For many years though, Parmigiani Fleurier showed considerable promise, but somehow did not gain the traction that would have been expected given the incredible horological content imbued into each of its timepieces. Perhaps what it needed was a fresh perspective, which is exactly what its CEO, Guido Terreni, brought when he joined the company in 2021. With more than 20 years’ experience in the industry, Terreni quickly set out to re-focus Parmigiani’s watch offerings, more tailored to today’s enthusiasts and bringing in a new clientele with a streamlined look, all while providing the same watch excellence that connoisseurs already knew to associate with the maison. This is well exemplified with the new Tonda PF Sport collection, comprised of two models, Automatic and Chronograph, each available in either stainless steel or 18K rose gold. They’re a natural evolution of the previous Tonda GT models, albeit with numerous fine aesthetic adjustments to ensure that there is a closer linkage with the Tonda PF, the core elegant collection within the maison’s offerings.
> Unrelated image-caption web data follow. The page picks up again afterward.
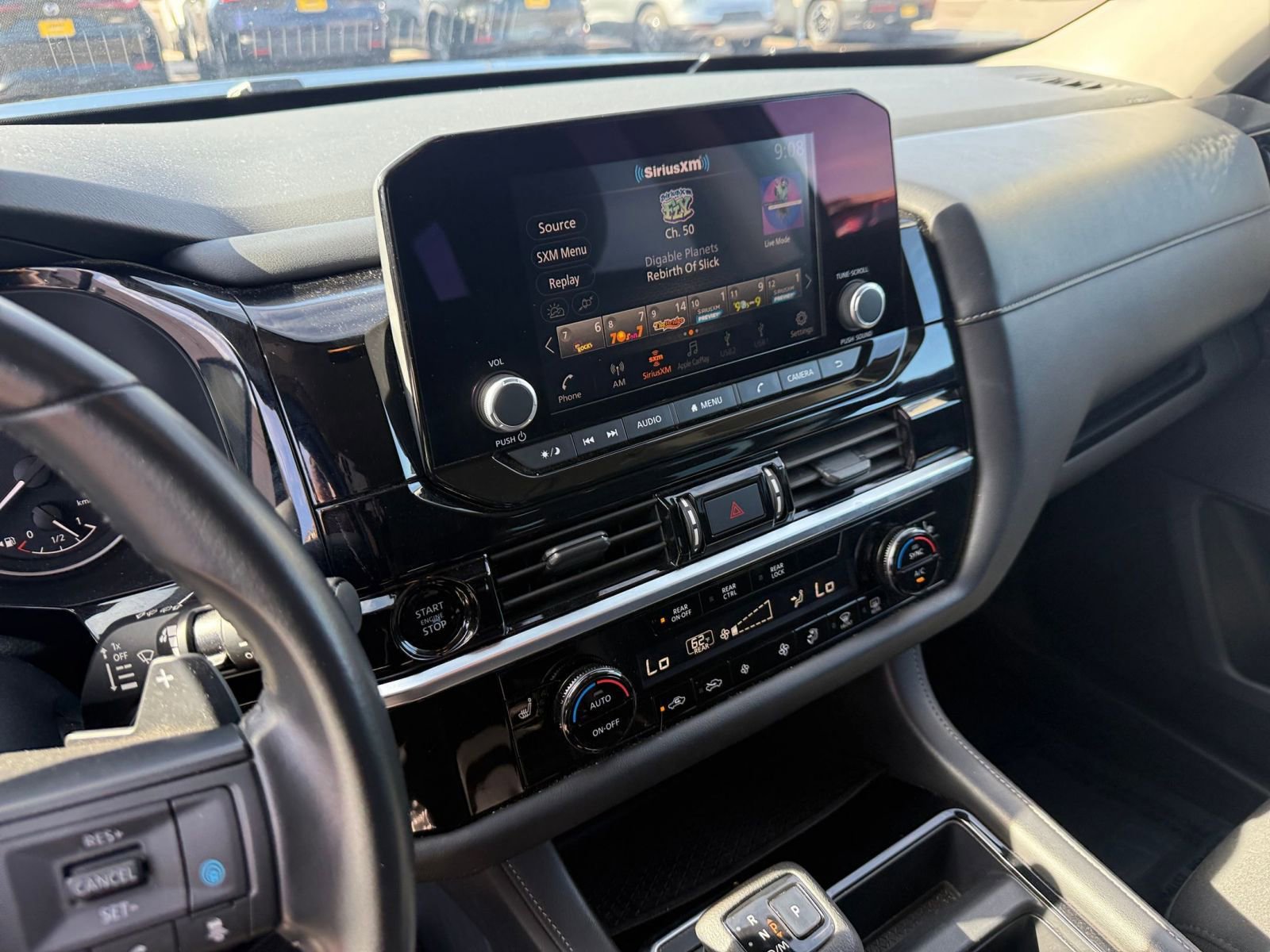 Used 2025 Nissan Pathfinder SV image 18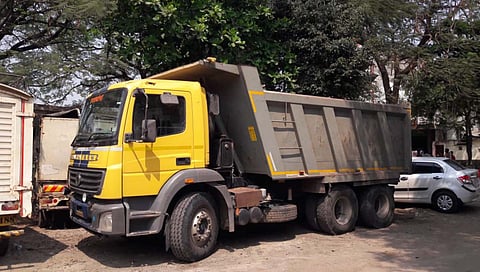 बीड : अवैध वाळूच्या डंपरवर कारवाई; २५ लाखांचा मुद्देमाल जप्त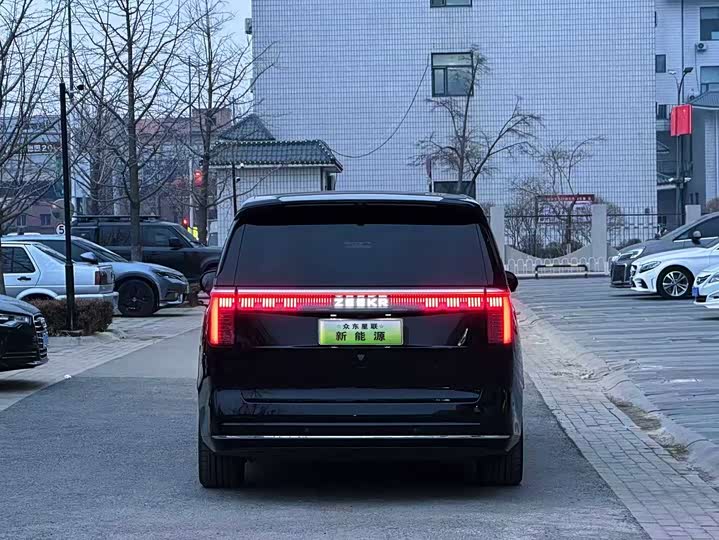 Фото 4 - Zeekr 009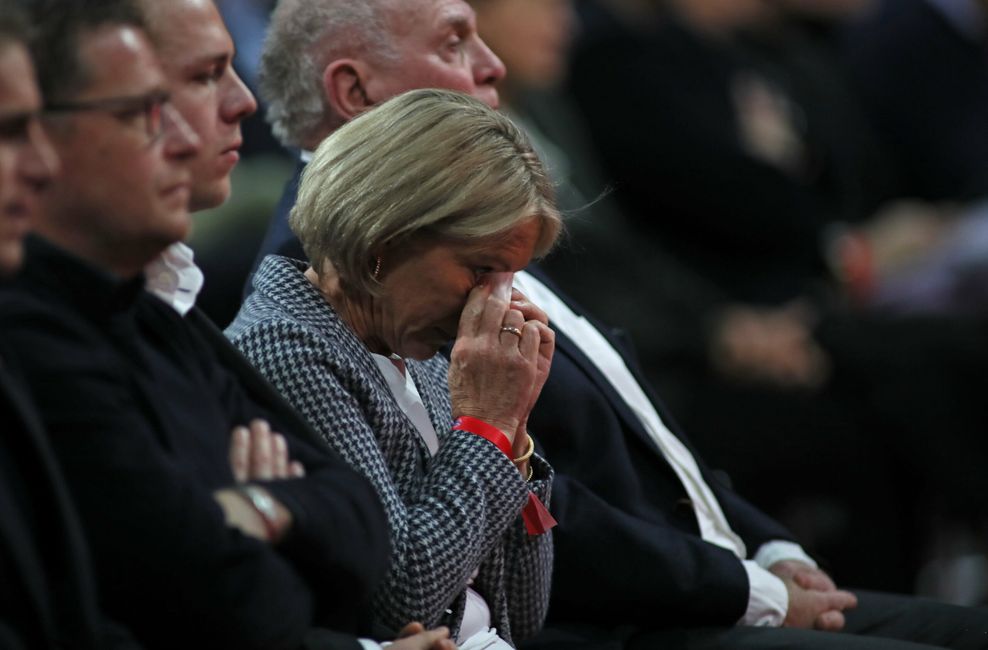 Heidi Beckenbauer wischt sich ihre Tränen aus den Augen bei der Jahreshauptversammlung des FC Bayern München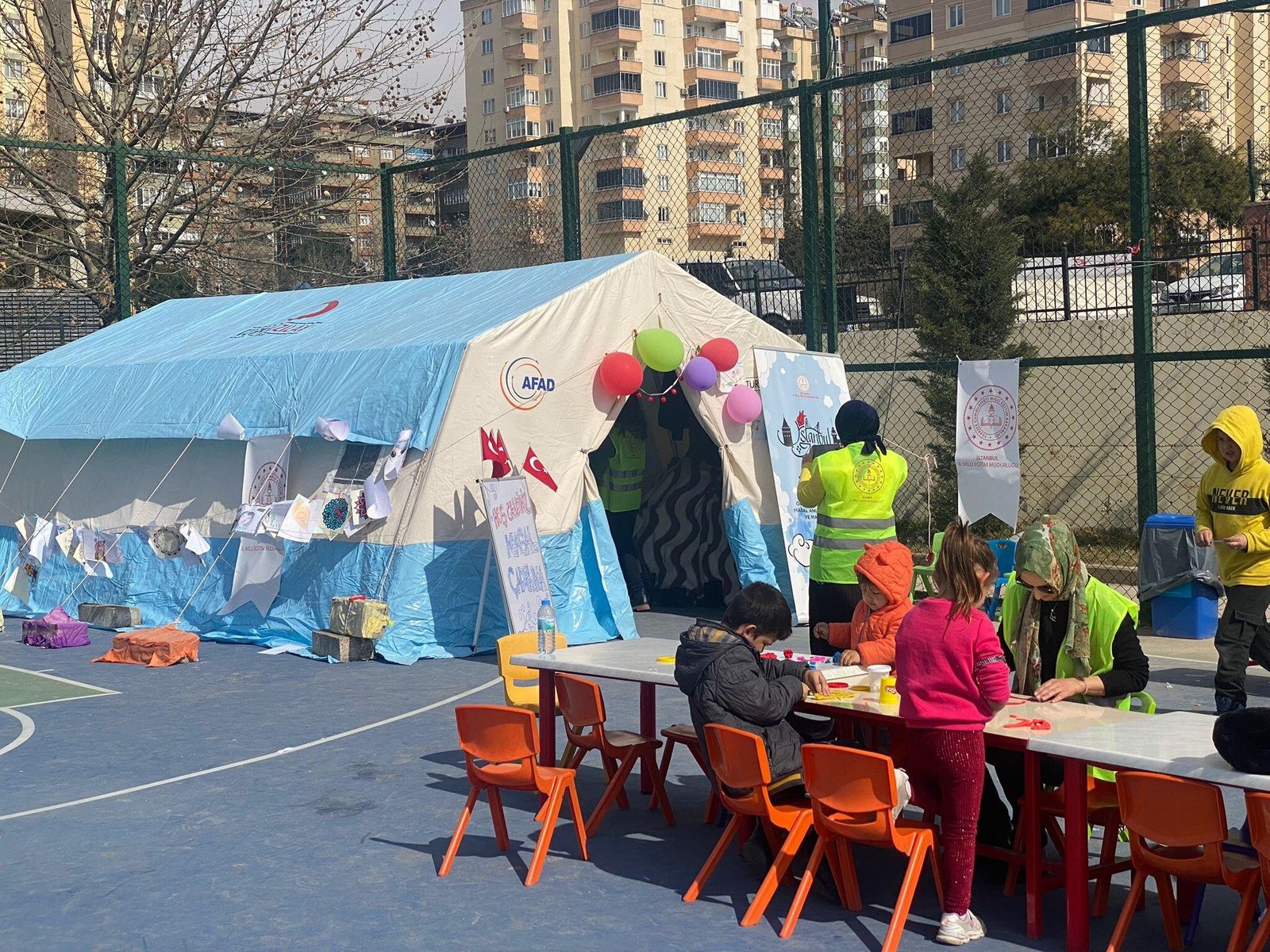AFAD koordinesinde Kahramanmaraş'ta depremzede çocuklar için masal çadırı kuruldu. Çadırın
It takes a very keen eye to spot the differences between the PF and the PF Sport, although they become quite clear once described. The bezel, for example, has 160 incisions rather than the 225 applied to the “regular” Tonda PF. It may seem trivial, but along with a slightly larger crown, it gives the PF Sport a bolder, arguably more casual look, again in line with the desired differentiation between the two collections. For the Tonda PF Sport Automatic, along with the restrained 41mm case size, the addition of a centre seconds hand is very deliberate, keeping with the weekend lifestyle ethos, also in contrast with the regular PF model which simply omits a second hand entirely. The guilloché pattern on the dial is a very traditional classical element that evokes Parmigiani’s fine watchmaking experience and has also been adapted with a finer “grain” when compared with the previous GT collection, emphasizing again that, although this is the sports-oriented offering from the maison, it is only a slight step away from the desired style of the Tonda collection. It never pretends to stray into the realm of the active sports watch, preferring to be the choice for a weekend trip.
The Tonda PF Sport Chronograph is even more evidently targeted to an active lifestyle by virtue of its additional complication. However, the design restraint is very much present, for it remains much more on the elegant side of the equation. The reverse panda dial design is meant to be easily legible, on this occasion with a simplified design on the subdials without the rehaut present in its Tonda PF sibling. Another key differentiator is that the Tonda PF Sport collection is presented with a rubber strap, although we must say that it is an extremely luxurious one, being cordura-treated, handcrafted and hand-stitched, being perceptibly much more supple and comfortable on the wrist.
Both models in the Tonda PF Sport collection are equipped with manufacture movements, the Automatic beating at 28,800vph and its double barrel providing 60 hours of power reserve, whilst the Chronograph opts for a higher frequency at 36,000vph, leading to a more precise timing interval of 1/10th. A larger diameter movement also allows for a more substantial barrel, with 65 hours of power reserve. The winding rotor, in gold on both models, sees a sportier design inspired by the steering wheel of a classic car.
We can certainly see a compelling vision that has taken shape in the past two years, from the Tonda PF and now the Tonda PF Sport collections. Parmigiani Fleurier has been taking concrete steps to streamline its collections, with a clear identity geared towards elegance and discretion, all with the utmost respect for the traditions of haute horlogerie.